Louisa May Alcott’s story of four sisters growing up during the Civil War, living in “genteel poverty” has been the subject of many adaptations for television, stage, and screen. I’m a bit embarrassed to say that I never read the book and barely remember the 1994 film adaptation. I adored Gerwig’s treatment of the story, but feel hobbled in my ability to fully contextualize and admire all the choices she made in bringining her own generous and humane sensibilities to the project while honoring the spirit of a long-revered text. For me, it worked beautifully, but I’ll be curious to hear responses from those who grew up with the novel as a sacred (or at least pageworn) text.

Chief among her assets is ability to convene an unassailable company of Millennial A-listers for her cast. As the film opens in the approximate “present” tense: we meet an ink-stained Jo March (Saorise Ronan, ever a triumph of range and restraint) selling a story in a New York City publishing office to a cranky mutton-chopped Tracy Letts (what a gift!). Her celebratory run through the streets of the city back to the boarding house where she’s been living, working as a governess by day and writing short stories at night to earn money for her family, establishes the crackles of joy that flow through the rest of the film.

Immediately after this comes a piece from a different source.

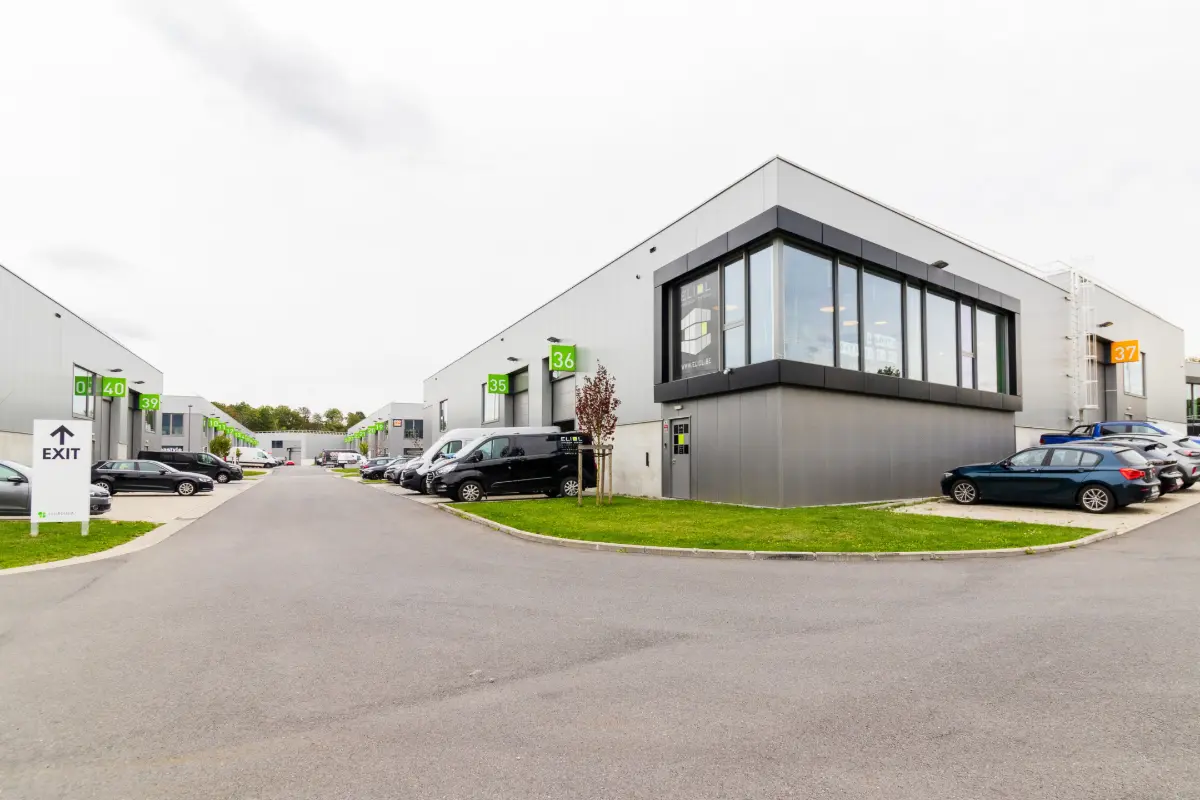 Handelszaak te  huur in Mont-Saint-Guibert 1435 2790.00€  slaapkamers 379.00m² - Zoekertje 648041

It’s been rightly compared to Gerwig’s own iconic sprint in Frances Ha, with which it shares a big mood. Elsewhere, her older sister Meg (Emma Watson) has settled into married life, bemoaning the indignities of being poor, and impulse shopping for fabric to make herself a fancy new dress even though it throws the domestic budget into turmoil. We get a glimpse of Beth (Eliza Scanlen), sickly and home alone playing her beloved piano before hopping across the pond where Amy (Florence Pugh, having a hell of a year) is in Paris honing her painting skills, riding around in carriages with their elderly opinionated aunt (Meryl Streep in her best Dowager Countess), courting a wealthy suitor, and happening upon their roustabout neighbor Teddy Laurie (Timothée Chalamet, devilishly charming and an adept physical comedian to boot). The existence of the obscenely wealthy spinster aunt alongside a struggling family is possibly less explored here than it ought to be, perhaps because it would over complicate the plot.

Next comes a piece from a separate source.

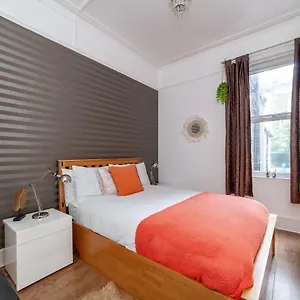 The Orange Garden 2 Bed Serviced Near Notting Hill Portobello Market Apartmán Londýn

Abandoning a strict linear chronology, her version weaves together episodes from their present as young women (geographically scattered) and their childhood in Concord, seven years earlier, living together under one roof with their charity-obsessed mother (Laura Dern, a study in beatific optimism in the face of grim reality) while their absent father works as a pastor for troops in the Civil War.  Beth’s worsening illness sets the story in motion, bringing Jo back home where recollections of cherished March family memories unfold: the girls staging Jo’s plays for neighborhood kids, holiday charity and warm family gatherings, the burgeoning relationship with the rich neighbors across the field, and going to (or being excluded from) parties to dance with marriage prospects. With this structure, the culminating episodes of childhood betrayals, tragic deaths, frustratingly-failed failed proposals are more deeply moving as key themes, triumphs, and tragedies echo across the years. The film is shot gorgeously indoors and out, with subtle cues indicating for time periods by degree of golden hued light. Weaving this all together is no small task, and the results are astonishingly coherent and convincing. 

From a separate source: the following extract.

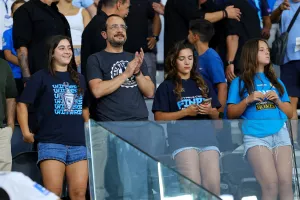 (ΦΩΤΟΣ) Ο κόσμος στο "Αλφαμέγα"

Ultimately, the somewhat modern heart of this particular telling of Little Women are the intertwined story of Jo’s self-actualization and success as a writer. We trace this journey from her joyful childhood theater productions to compromises as a pulpy newspaper serials  all the way through her invention of a new kind of literature. A smidge of meta-textual blurring finds Jo explicitly serving as Louisa May Alcott’s stand-in who reckons with the loneliness of an artistic life, directly acknowledges the economic nature of marriage, and negotiates these concessions in real life and on the page. [Spoilers for a two-hundred-year-old book —>] Ronan’s portrayal of determined devotion while caring for dying Beth, heartstruck disbelief as Meg abandons acting for a domestic life, and tortured rejection of her best friend’s dramatic hillside marriage proposal makes the soaring culmination montage of her production of the novel, page by handwritten page, in her family attic all the more affecting . A sly acknowledgment while shrewdly bargaining with the terms of publication winks at a fantasy romantic ending, or at least puts that on equal heartwarming territory as witnessing a book’s printing from start to finish in loving detail. 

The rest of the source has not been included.